WHAT YOU NEED TO DO:
Using the listing below, set down exactly the lines from the one that contains "Piumino Merary con" through the one that contains "2025 (25) VOLKSWAGEN", with no pictures.

[PROVIDED RECORDS]

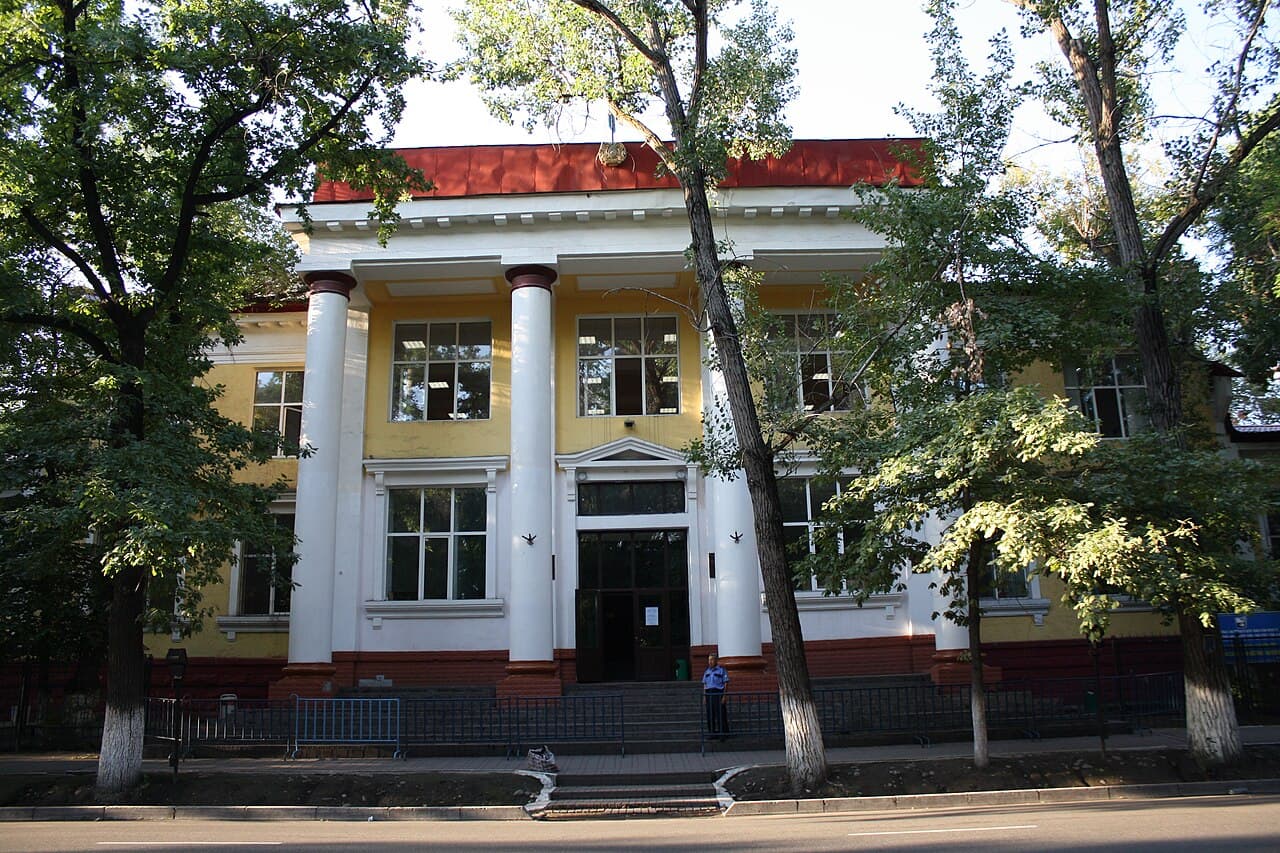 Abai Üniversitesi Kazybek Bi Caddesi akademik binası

[/PROVIDED RECORDS]
[PROVIDED RECORDS]

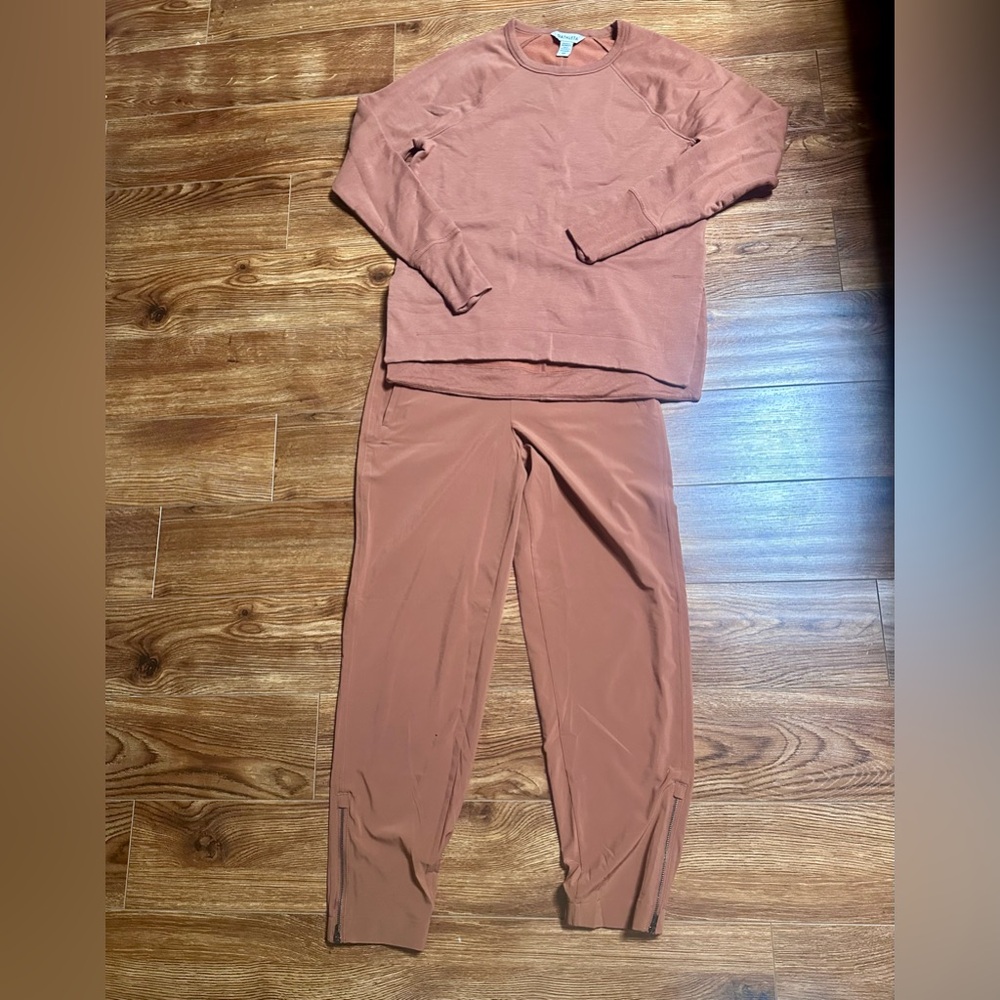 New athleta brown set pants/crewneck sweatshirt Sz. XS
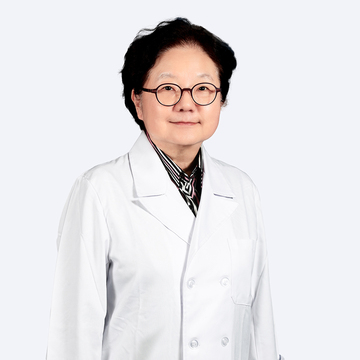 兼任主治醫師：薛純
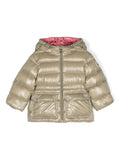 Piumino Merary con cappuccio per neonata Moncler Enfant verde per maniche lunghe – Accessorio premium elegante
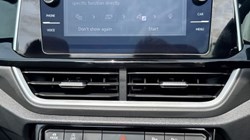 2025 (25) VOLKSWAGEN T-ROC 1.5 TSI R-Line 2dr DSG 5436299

[/PROVIDED RECORDS]

RESPONSE BELOW:
 Piumino Merary con cappuccio per neonata Moncler Enfant verde per maniche lunghe – Accessorio premium elegante
 2025 (25) VOLKSWAGEN T-ROC 1.5 TSI R-Line 2dr DSG 5436299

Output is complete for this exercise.